McIntyre has written thousands of articles for 24/7 Wall St. He is an expert on corporate finance, the automotive industry, media companies and international finance. He has edited articles on national demographics, sports, personal income and travel.

His work has been quoted or mentioned in The New York Times, The Wall Street Journal, Los Angeles Times, The Washington Post, NBC News, Time, The New Yorker, HuffPost USA Today, Business Insider, Yahoo, AOL, MarketWatch, The Atlantic, Bloomberg, New York Post, Chicago Tribune, Forbes, The Guardian and many other major publications. McIntyre has been a guest on CNBC, the BBC and television and radio stations across the country.

A magna cum laude graduate of Harvard College, McIntyre also was president of The Harvard Advocate. Founded in 1866, the Advocate is the oldest college publication in the United States.

TheStreet.com, Comps.com and Edgar Online are some of the public companies for which McIntyre served on the board of directors.
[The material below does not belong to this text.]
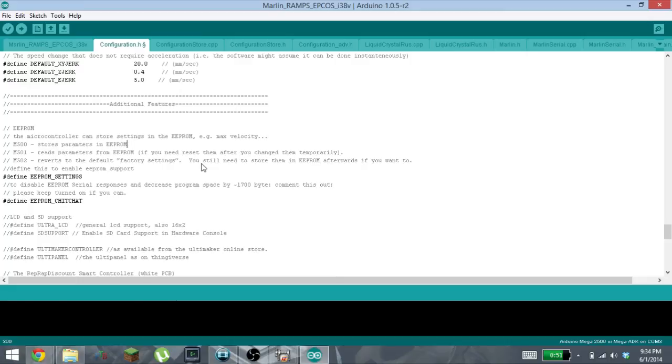So there you go, that is how you enable your EEPROM menu for your Prusa i3. This will allow you to change your E-step amounts and all of that stuff under the Control menu for the LCD, and then you can save it directly on the LCD. Thanks for watching.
He was a Vicinity Corporation board member when the company was sold to Microsoft in 2002. He served on the audit committees of some of these companies.

McIntyre has been the CEO of FutureSource, a provider of trading terminals and news to commodities and futures traders. He was president of Switchboard, the online phone directory company. He served as chairman and CEO of On2 Technologies, the video compression company that provided video compression software for Adobe’s Flash. Google bought On2 in 2009.